Is Fandango still inflating movie ratings?

Photo from Alex Litvin via Unsplash

Executive Summary

In 2015, Walt Hickey published a FiveThirtyEight article demonstrating that Fandango's movie ratings were biased towards higher-than-normal scores. Based on analysis of Fandango's ratings in 2016, there has not been a significant shift in how Fandango rates films.

A conversion chart between Fandango's score system and a less-biased 5-star scale is provided near the end of this document.

Introduction

In 2015, an article titled "Be Suspicious Of Online Movie Ratings, Especially Fandango's" was published on the data science website FiveThirtyEight by Walt Hickey. This article was an exposé of online movie ratings manipulation, focusing on the worst identified culprit, Fandango. Since the article was published, Fandango has maintained that errors in their rating algorithms have been corrected. This project seeks to evaluate if those changes have indeed been made.

Data

Data Description

I will work with two datasets in this project:

These datasets focus on "popular" movies. Popular is a non-specific metric, and it is possible that each of these datasets utilize different filters to identify popular movies. For the purpose of this analysis, I chose to utilize all entries in both datasets.

Data Cleaning

The primary goal of this project is to investigate if Fandango's rating system was significantly altered following the posting of Hickey's article. For this reason, the time of a movie's release is important.

Hickey's article was posted in October 2015. He utilized data collected on movies released that calendar year. Our second dataset contains release years, but not release months. To restrict our analysis of the second dataset to post article releases, I chose to use only movies that were released in 2016 and later.

Analysis

Reviewing Hickey's Results

In Hickey's article, he argued that Fandango, unlike other movie rating aggregators, has an incentive to keep movie ratings high. In addition to providing movie ratings, Fandango sells tickets. Poorly rated movies are likely to sell fewer tickets, so Fandango benefits from inflating ratings.

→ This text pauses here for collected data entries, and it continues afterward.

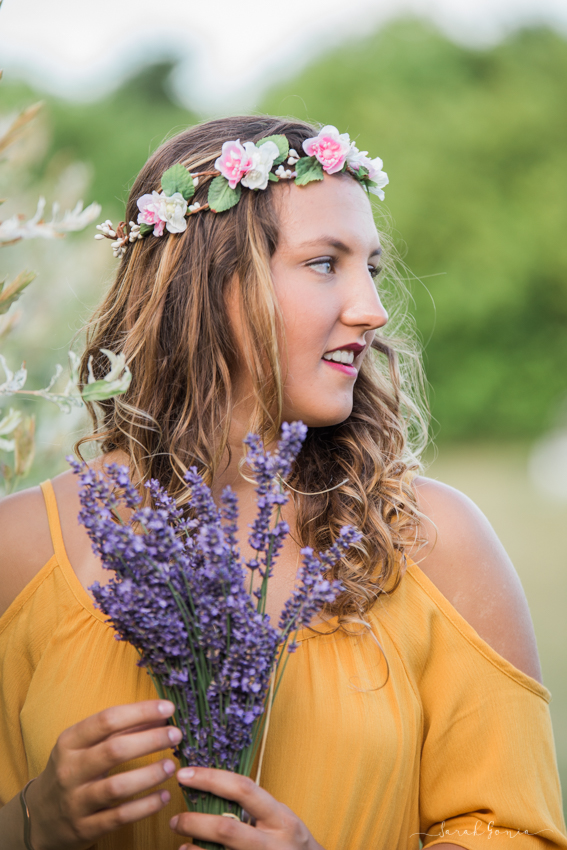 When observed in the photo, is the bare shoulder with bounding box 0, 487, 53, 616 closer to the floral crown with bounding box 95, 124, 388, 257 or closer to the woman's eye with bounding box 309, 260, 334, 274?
the floral crown with bounding box 95, 124, 388, 257

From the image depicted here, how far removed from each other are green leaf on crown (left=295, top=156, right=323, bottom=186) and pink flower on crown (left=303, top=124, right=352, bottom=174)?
0.05 ft

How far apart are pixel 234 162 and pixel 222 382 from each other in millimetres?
514

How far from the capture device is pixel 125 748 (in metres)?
1.20

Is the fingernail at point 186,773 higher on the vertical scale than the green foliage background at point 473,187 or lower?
lower

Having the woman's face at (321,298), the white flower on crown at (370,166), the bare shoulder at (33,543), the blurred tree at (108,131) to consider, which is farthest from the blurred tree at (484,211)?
the bare shoulder at (33,543)

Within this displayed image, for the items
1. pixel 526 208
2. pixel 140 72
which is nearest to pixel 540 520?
pixel 526 208

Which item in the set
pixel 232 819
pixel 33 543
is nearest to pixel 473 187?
pixel 33 543

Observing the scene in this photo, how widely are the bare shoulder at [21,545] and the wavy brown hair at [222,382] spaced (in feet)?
0.83

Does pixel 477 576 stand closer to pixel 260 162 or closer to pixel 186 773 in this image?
pixel 186 773

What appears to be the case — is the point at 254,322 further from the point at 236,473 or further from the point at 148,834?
the point at 148,834

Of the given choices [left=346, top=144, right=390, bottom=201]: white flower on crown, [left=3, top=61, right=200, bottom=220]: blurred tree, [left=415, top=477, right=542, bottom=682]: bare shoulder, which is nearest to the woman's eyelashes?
[left=346, top=144, right=390, bottom=201]: white flower on crown

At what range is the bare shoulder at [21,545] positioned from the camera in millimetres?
1877

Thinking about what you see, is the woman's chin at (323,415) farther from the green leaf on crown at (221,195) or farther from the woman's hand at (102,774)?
the woman's hand at (102,774)

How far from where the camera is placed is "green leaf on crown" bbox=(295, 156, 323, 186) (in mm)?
1815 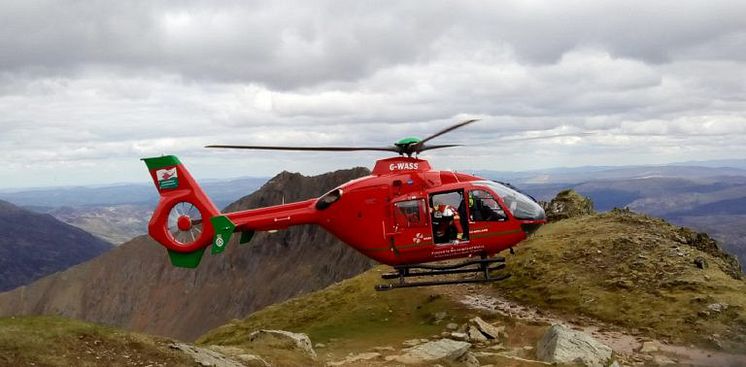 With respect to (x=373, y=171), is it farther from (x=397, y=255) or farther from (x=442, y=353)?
(x=442, y=353)

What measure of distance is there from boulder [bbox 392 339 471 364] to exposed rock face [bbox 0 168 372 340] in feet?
228

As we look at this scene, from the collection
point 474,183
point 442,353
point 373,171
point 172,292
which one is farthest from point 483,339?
point 172,292

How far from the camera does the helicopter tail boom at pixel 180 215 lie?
2197cm

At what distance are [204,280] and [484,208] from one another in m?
116

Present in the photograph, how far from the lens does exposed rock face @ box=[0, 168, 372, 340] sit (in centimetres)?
10756

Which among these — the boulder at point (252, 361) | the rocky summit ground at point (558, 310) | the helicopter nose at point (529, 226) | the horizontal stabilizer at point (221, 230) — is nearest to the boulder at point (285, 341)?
the rocky summit ground at point (558, 310)

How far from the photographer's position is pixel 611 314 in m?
23.4

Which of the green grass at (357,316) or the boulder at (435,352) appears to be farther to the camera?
the green grass at (357,316)

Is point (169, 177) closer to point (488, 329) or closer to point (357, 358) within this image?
point (357, 358)

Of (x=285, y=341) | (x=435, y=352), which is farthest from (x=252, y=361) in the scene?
(x=435, y=352)

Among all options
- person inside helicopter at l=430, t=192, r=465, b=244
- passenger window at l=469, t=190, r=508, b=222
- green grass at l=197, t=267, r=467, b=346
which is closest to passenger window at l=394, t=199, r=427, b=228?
person inside helicopter at l=430, t=192, r=465, b=244

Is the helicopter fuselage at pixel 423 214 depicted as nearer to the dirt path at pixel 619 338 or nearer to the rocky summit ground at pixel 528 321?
the rocky summit ground at pixel 528 321

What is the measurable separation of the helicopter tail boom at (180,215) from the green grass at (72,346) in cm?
664

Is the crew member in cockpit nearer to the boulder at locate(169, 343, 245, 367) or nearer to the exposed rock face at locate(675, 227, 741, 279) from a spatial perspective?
the boulder at locate(169, 343, 245, 367) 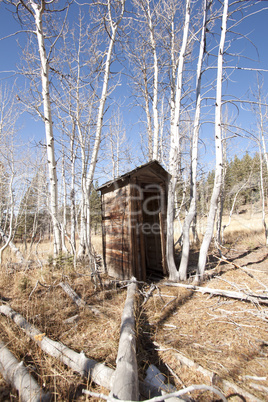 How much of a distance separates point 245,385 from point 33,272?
5464 millimetres

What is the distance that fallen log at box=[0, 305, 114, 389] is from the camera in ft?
5.76

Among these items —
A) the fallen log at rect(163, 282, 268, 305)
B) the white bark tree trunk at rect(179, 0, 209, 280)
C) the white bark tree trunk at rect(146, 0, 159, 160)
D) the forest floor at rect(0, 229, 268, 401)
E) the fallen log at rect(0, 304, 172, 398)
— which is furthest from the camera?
the white bark tree trunk at rect(146, 0, 159, 160)

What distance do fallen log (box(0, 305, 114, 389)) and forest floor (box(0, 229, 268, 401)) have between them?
2.6 inches

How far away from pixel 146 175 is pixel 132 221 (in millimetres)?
1508

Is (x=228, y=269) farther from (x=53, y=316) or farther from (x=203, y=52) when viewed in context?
(x=203, y=52)

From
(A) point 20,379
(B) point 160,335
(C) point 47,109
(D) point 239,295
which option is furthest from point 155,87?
(A) point 20,379

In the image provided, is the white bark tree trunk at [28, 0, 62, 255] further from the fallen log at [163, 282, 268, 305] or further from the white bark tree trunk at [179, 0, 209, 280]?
the fallen log at [163, 282, 268, 305]

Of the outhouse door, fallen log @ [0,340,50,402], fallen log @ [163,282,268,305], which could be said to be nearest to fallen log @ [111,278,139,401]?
fallen log @ [0,340,50,402]

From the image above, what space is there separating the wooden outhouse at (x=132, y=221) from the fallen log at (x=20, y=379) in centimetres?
315

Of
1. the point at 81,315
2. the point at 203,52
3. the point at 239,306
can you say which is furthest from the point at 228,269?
the point at 203,52

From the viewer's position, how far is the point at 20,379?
5.79 ft

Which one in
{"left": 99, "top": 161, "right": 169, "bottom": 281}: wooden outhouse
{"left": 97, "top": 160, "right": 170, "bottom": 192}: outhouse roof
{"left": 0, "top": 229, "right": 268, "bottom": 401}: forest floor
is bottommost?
{"left": 0, "top": 229, "right": 268, "bottom": 401}: forest floor

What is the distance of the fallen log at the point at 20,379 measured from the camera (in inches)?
63.0

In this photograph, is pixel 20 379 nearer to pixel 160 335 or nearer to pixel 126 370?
pixel 126 370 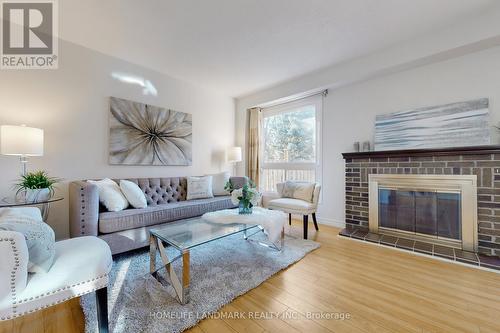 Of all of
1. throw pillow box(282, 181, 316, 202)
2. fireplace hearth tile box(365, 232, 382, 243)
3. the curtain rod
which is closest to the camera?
fireplace hearth tile box(365, 232, 382, 243)

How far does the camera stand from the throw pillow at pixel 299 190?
3.23 metres

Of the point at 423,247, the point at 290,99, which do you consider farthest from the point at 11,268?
the point at 290,99

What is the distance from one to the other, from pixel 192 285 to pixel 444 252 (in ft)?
8.75

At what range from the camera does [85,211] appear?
2.06m

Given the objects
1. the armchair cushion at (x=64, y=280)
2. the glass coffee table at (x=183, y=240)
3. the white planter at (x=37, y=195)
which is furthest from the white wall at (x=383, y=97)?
the white planter at (x=37, y=195)

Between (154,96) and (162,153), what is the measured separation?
3.00 feet

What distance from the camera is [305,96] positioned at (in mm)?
3910

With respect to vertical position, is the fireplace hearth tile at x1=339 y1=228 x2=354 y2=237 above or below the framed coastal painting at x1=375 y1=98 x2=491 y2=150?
below

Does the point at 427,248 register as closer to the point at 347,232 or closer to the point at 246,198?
the point at 347,232

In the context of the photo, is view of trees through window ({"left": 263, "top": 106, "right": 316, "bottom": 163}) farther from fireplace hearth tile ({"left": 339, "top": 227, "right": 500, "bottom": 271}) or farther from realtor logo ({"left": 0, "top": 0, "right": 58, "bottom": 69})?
realtor logo ({"left": 0, "top": 0, "right": 58, "bottom": 69})

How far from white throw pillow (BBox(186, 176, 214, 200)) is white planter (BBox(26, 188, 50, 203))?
1.65 metres

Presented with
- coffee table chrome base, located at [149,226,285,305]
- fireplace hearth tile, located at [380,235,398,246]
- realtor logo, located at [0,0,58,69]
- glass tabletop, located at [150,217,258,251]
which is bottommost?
fireplace hearth tile, located at [380,235,398,246]

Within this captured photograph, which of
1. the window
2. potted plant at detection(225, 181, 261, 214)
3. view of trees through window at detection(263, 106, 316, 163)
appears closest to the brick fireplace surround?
the window

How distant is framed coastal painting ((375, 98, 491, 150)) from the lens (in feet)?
7.92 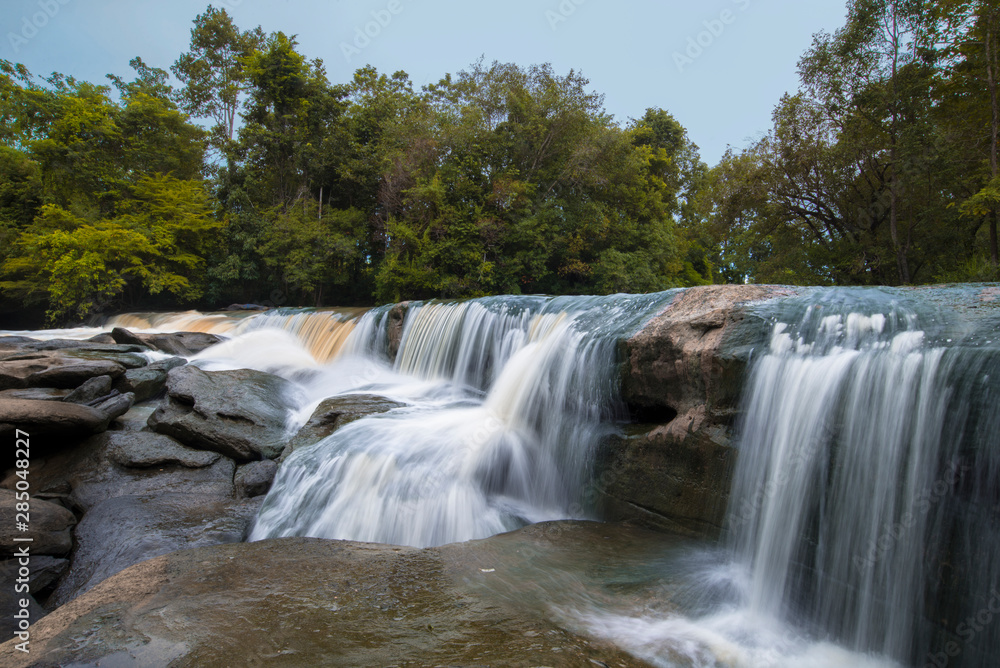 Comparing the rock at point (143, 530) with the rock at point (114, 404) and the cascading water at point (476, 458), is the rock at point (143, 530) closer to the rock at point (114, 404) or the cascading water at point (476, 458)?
the cascading water at point (476, 458)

One of Hickey's key findings was that Fandango reported the actual aggregate rating of a movie in its HTML code. He observed that the ratings present in the HTML code (Raw Stars) were lower than the ratings present on the user-facing webpage (Displayed Stars). I reproduced these findings and present them visually in Figure 1.

Figure 1

Reanalysis of Walt Hickey's data demonstrating the impact of star rounding on Fandango's reported movie ratings

Comparing Fandango's Pre and Post Article Ratings

I set out to determine if Fandango has significantly altered its rating system since Hickey's article was published. I defined significantly as:

These metrics would demonstrate that Fandango has chosen to display accurate representations of some films that are collectively viewed as awful without forcing them to rate many films poorly.

The data presented in figure 2 suggest that although the mean score modestly decreased, the overall number of movies with 2 or fewer stars did not meet the definition of "significant" change, above.

Figure 2

Comparison of pre- and post- article star distribution indicates a modest mean score reduction, but no notable increase in movies with two stars or fewer.

Comparing Fandango's 2016 ratings to other aggregator sites

The data show that Fandango has not significantly changed its rating system since Hickey's article was published. Yet this finding alone does not show that Fandango's rating system is biased towards high scores. To demonstrate this bias, I compared Fandango's 2016 ratings to ratings scraped from other rating aggregators including:

The distribution of ratings presented on each of these rating aggregators are presented in figure 3. The other sites' metrics, which varied from 0 to 100, rather than 1-5, were normalized to the 1-5 scale used by Fandango for the sake of comparison.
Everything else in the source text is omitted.